Serasi dengan surat ini, ayat ini dimulai dengan panggilan penuh cinta, “Hai orang-orang yang beriman..” Kemudian ayat ini menyuruh mereka menjauhi kebanyakan dari prasangka, sehingga mereka tidak membiarkan diri mereka menjadi korban prasangka, syubhat, dan keraguan seputar orang lain.
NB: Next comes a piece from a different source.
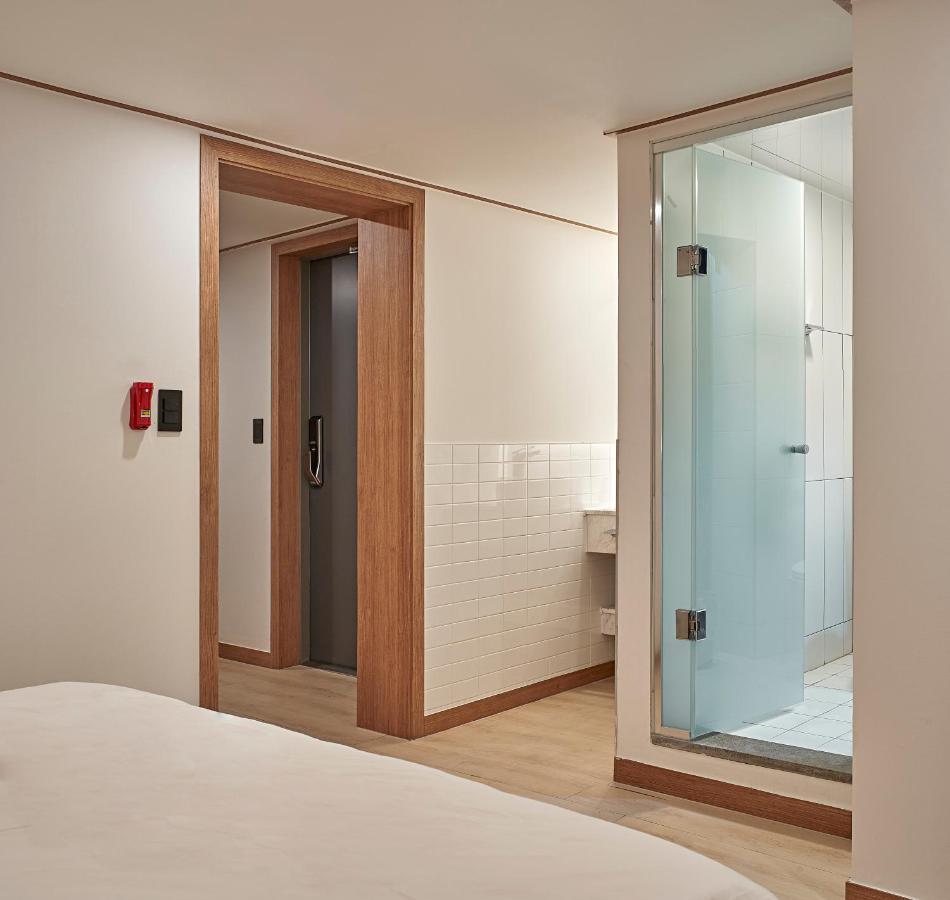 Monday Cracker Hongdae Hotel โซล ภายนอก รูปภาพ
Ayat ini menjelaskan alasan perintah tersebut, “Sesungguhnya sebagian prasangka itu adalah dosa..” Selama larangan ini diterapkan pada sebagian besar prasangka, dan kaidahnya adalah bahwa sebagian prasangka itu adalah dosa, maka ungkapan ini memberi inspirasi kepada hati untuk menjauhi prasangka yang buruk secara total, karena ia tidak tahu prasangka mana yang dosa!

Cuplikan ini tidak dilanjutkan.